I’m considering some data retention/display changes:

  1. ISSN: I don’t believe this is serving any purpose, especially since a journal can have more than one. Before DOAJ added unique URLs, it was one way of identifying a journal, but has never had any role in calculation or display. Unless I hear a good reason  not to, this will disappear from the master & shared datasets. [Some amplification: Every DOAJ/URL in the spreadsheet points directly to the DOAJ page with one or both ISSNs for the journal, so there’s no loss of access whatsoever.
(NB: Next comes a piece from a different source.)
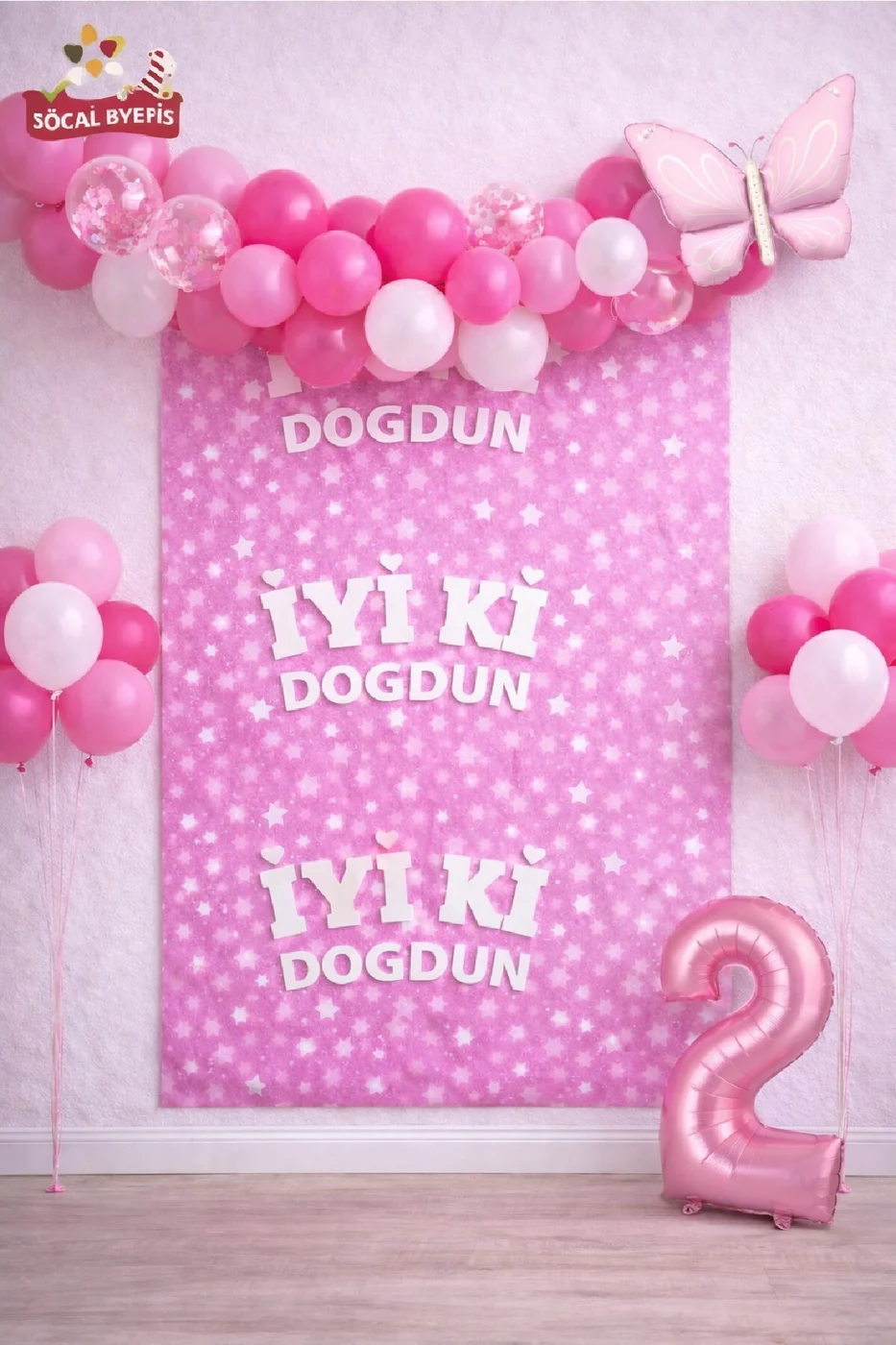 Retro Kelebekli Pembe Yaş Balonlu İyi Ki Doğdun Baskılı Arkafon Doğum Günü Parti Seti Süsü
And just looking at the Figshare data, you can’t tell whether it’s the “right” ISSN.]
  2. Fc (Fee code): I’m inclined to drop this because, now that I’m starting from DOAJ fee numbers, it’s not very useful or reliable. I’m not sure it ever was very useful.
  3. Count code: This has never appeared on Figshare, and was used for the first time this year to track where I was getting article counts for each journal. It’s interesting in a vague summary way (and has been in the weekly reports), but nothing more. I may or may not use it again in future GOAs, if any, but see no reason to add it to the shared spreadsheet.

That’s it. You know where to comment. If there are any comments I’ll look at them–but I’m not holding my breath.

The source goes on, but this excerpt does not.